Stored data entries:

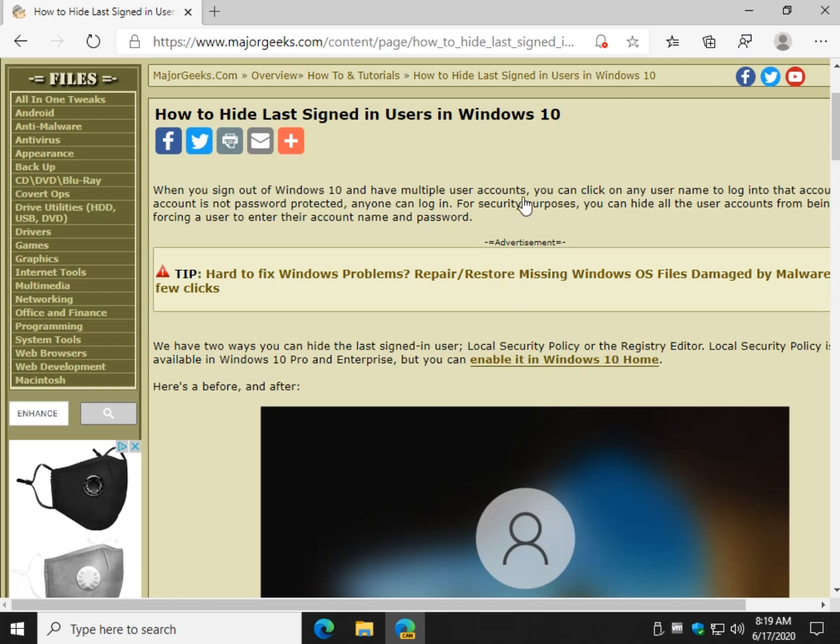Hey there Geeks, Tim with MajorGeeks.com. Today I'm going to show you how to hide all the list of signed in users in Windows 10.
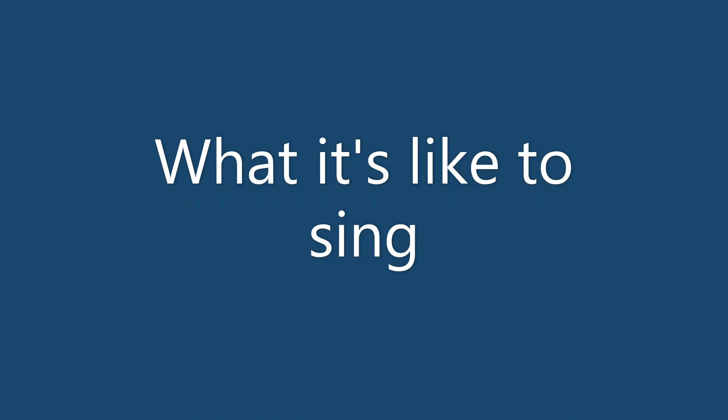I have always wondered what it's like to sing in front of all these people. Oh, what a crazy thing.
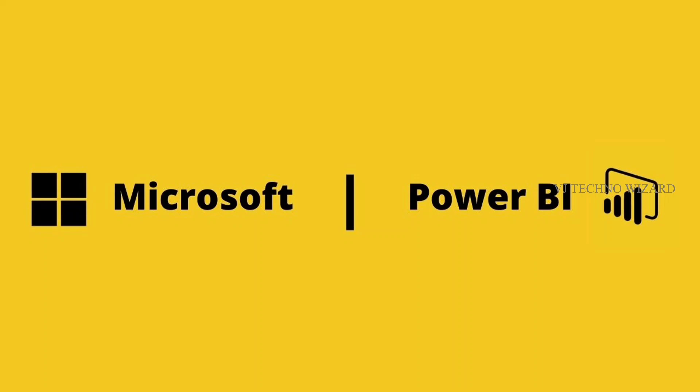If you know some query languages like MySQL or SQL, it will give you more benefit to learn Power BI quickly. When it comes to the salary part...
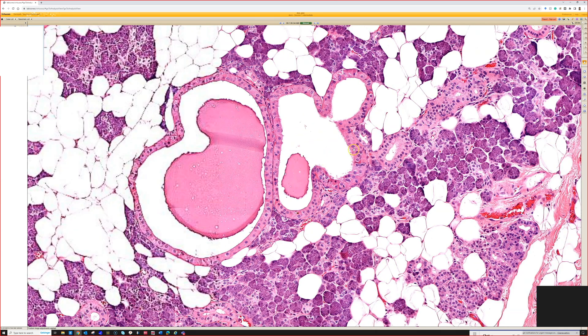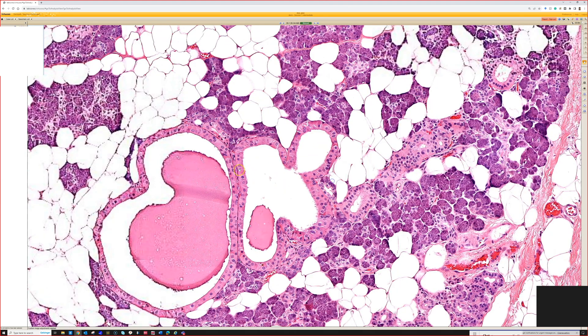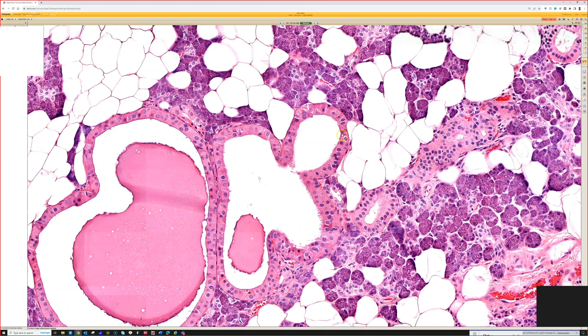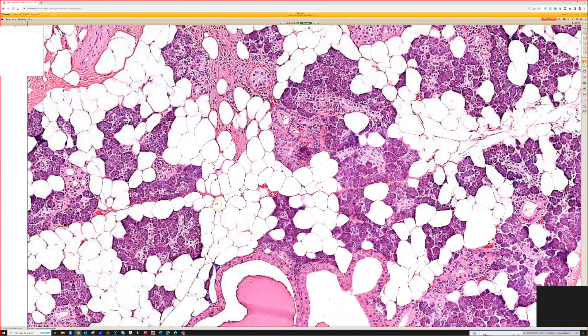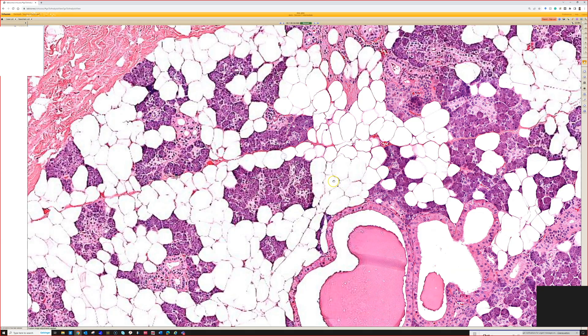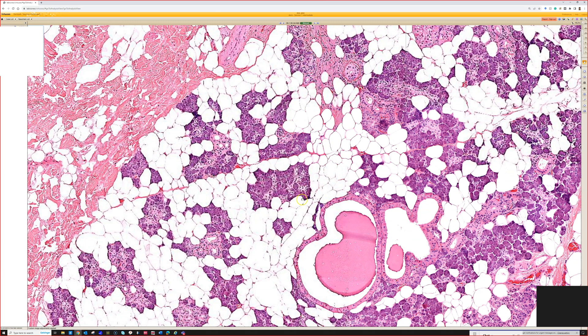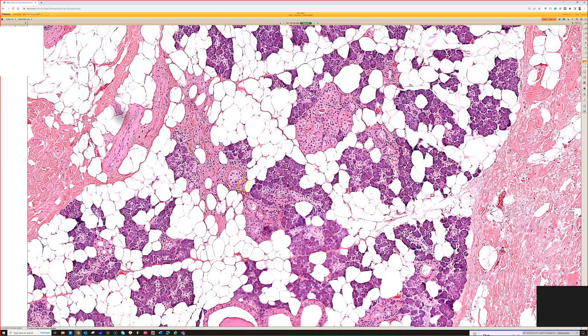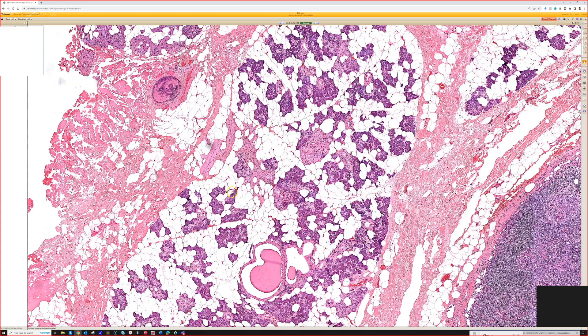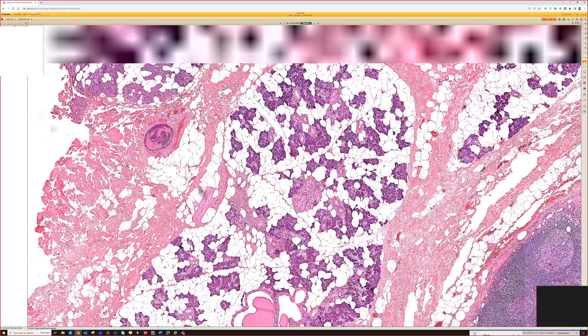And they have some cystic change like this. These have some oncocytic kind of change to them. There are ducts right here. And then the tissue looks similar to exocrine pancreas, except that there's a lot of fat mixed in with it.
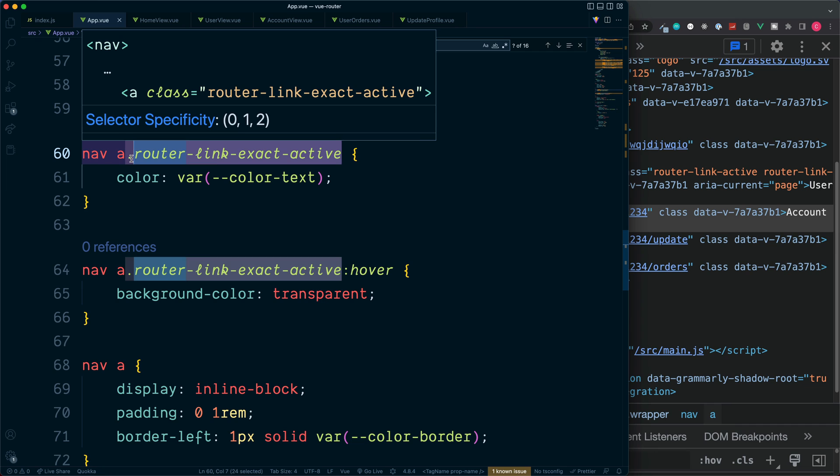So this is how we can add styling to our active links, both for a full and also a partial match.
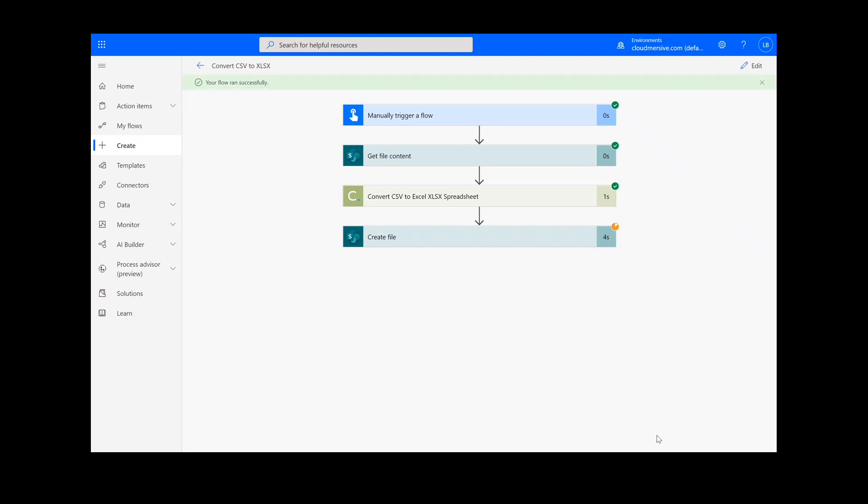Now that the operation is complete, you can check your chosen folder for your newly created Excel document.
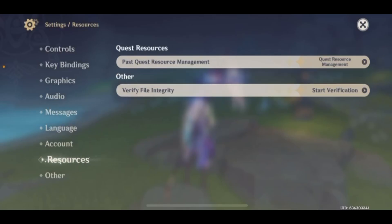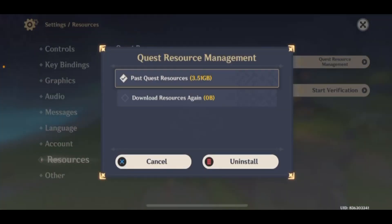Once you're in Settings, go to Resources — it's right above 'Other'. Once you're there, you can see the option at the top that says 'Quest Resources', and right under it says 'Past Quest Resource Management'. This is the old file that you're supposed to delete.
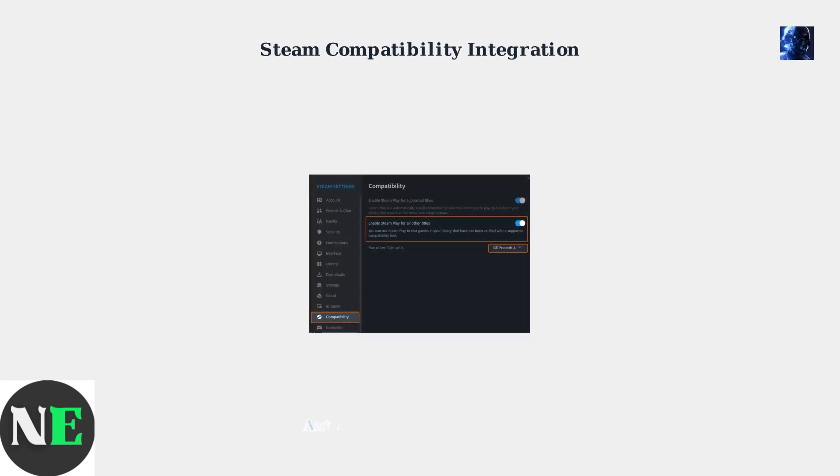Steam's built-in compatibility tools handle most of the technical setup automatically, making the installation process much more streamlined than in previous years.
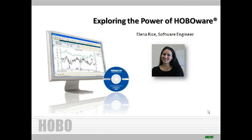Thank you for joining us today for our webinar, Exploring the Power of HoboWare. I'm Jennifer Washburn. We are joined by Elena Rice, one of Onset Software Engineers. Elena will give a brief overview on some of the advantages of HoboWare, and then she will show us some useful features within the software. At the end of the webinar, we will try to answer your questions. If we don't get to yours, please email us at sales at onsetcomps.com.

> **Prompt**:
Each record should be quoted exactly, with the images omitted.

> **Expected answer**:
Hey there Geeks, Tim with MajorGeeks.com. Today I'm going to show you how to hide all the list of signed in users in Windows 10.
I have always wondered what it's like to sing in front of all these people. Oh, what a crazy thing.
If you know some query languages like MySQL or SQL, it will give you more benefit to learn Power BI quickly. When it comes to the salary part...
And they have some cystic change like this. These have some oncocytic kind of change to them. There are ducts right here. And then the tissue looks similar to exocrine pancreas, except that there's a lot of fat mixed in with it.
So this is how we can add styling to our active links, both for a full and also a partial match.
Now that the operation is complete, you can check your chosen folder for your newly created Excel document.
Once you're in Settings, go to Resources — it's right above 'Other'. Once you're there, you can see the option at the top that says 'Quest Resources', and right under it says 'Past Quest Resource Management'. This is the old file that you're supposed to delete.
Steam's built-in compatibility tools handle most of the technical setup automatically, making the installation process much more streamlined than in previous years.
Thank you for joining us today for our webinar, Exploring the Power of HoboWare. I'm Jennifer Washburn. We are joined by Elena Rice, one of Onset Software Engineers. Elena will give a brief overview on some of the advantages of HoboWare, and then she will show us some useful features within the software. At the end of the webinar, we will try to answer your questions. If we don't get to yours, please email us at sales at onsetcomps.com.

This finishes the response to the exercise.